I actually just did a speech on how to play the piano by ear. I like to think of it as a step-by-step process.

First, memorize the song you're playing. You'll know what to expect.
Try to divide the song into the different chords. Finding the tonic note of the chord is usually the easiest (i.e. in a C major scale, for example, the tonic note is C).
Now, it should be easier to insert the notes because you know what scale you're in, and unless there is dissonance within the song, you'll be able to root out notes in that chord to play.
If that doesn't work, the usual way is to just trudge through the song, listening to maybe 8 notes at a time and replaying until you find out all 8, and then continuing.


----------



## Viva (Jan 6, 2011)

Melo said:


> Random question: would anyone here know how to play piano by ear? I'm restricted to sheets and can't find some for a particular song. I'd like to figure out a piano cover. I think I could figure it out by ear if I at least knew what key the song was in, but that's beyond my ears and music theory know how. Chords would be cool.


 
oh melo. you'll probably never read this, but you can always just ask me on aim.  If you ever go on again :C


----------



## Deo (Jan 6, 2011)

I can play the trombone by ear.
Unfortunately I'm somewhat deaf and others have informed me it sounds like I'm clubbing baby seals. 

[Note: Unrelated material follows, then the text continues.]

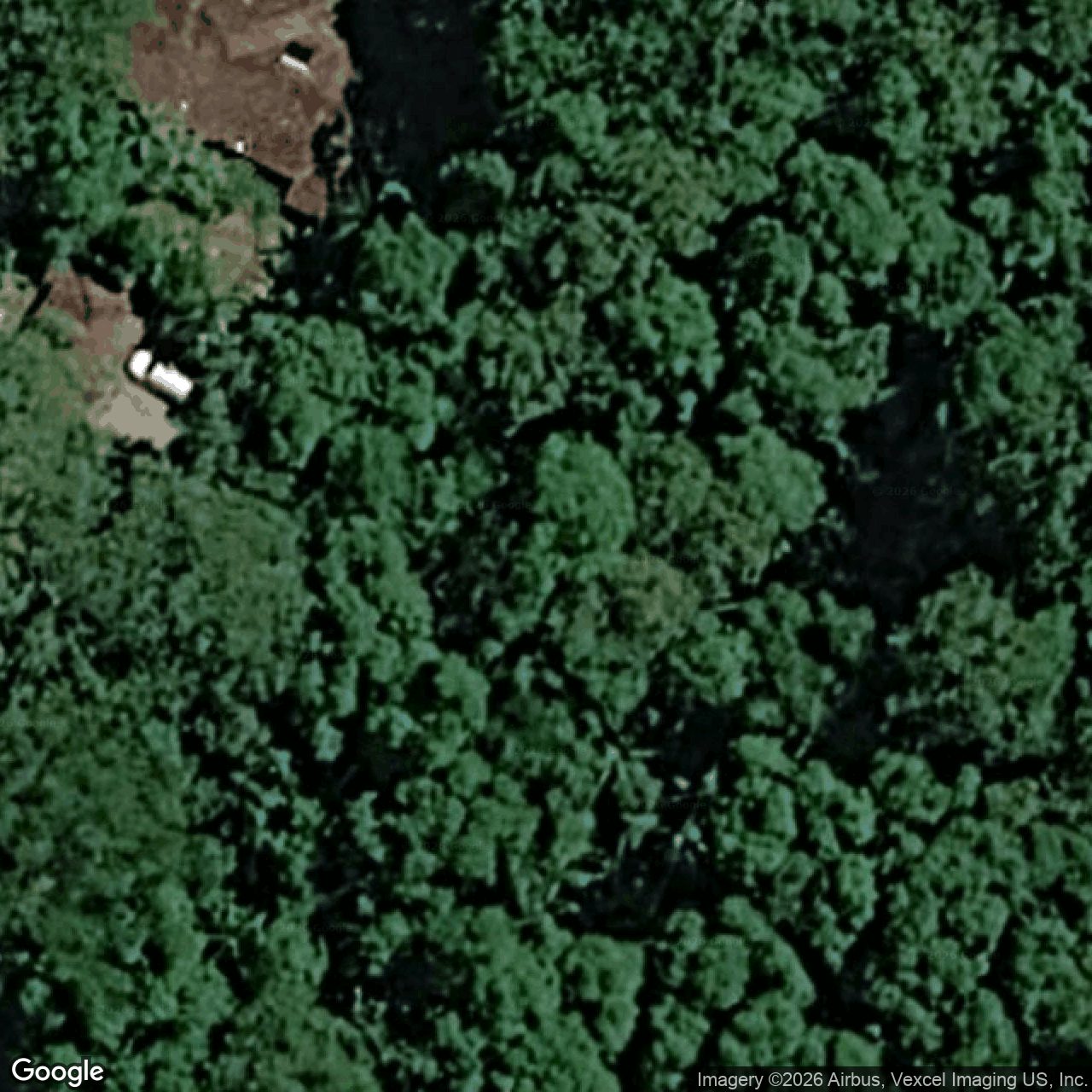 Aerial view of 1173 Tallebudgera Creek Road, Tallebudgera Valley QLD 4228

I still play to this day, only louder.


----------



## Cam (Jan 16, 2011)

Ive practically mastered playing piano by ear. Anyone who has seen me play is usually surprised when they find out I cant read even a bit of sheet music.

The key is having the capability to basically play the song in your head. The first and most important step is to find the first note. Once you find the first note, the it does nothing but branch for there.

For single notes this is incredibly easy, but obviously not so much when it comes to the chords. This is why I heeeaavily suggest taking a music theory course. Because if you can learn all the chord types, then playing by ear will become ALOT easier and effective.

But for now you can either look up the chords in a chord dictionary, or take the time to develop the chord by ear. But you gotta be able to weed through the notes to find the specific parts of a chord. Find the lead note and the bass note, since thats what chords are based on. Once you find those 2, then its alot easier to find the fluff inside


----------



## GatodeCafe (Jan 16, 2011)

1. Pick out the melody
2. Find the chords
3. COMBIIIINNNNEEEEE

What song is it? There's really no secret to transcribing music other than straight up practice. Luckily, different songs by the same artist/in the same genre tend to have similar musical makeups, so you should be able to recognize particular cliches after a while. Otherwise, it's just like tracing a picture, only you're trying to replicate whatever it is you're listening to, to whatever degree you think is appropriate.


----------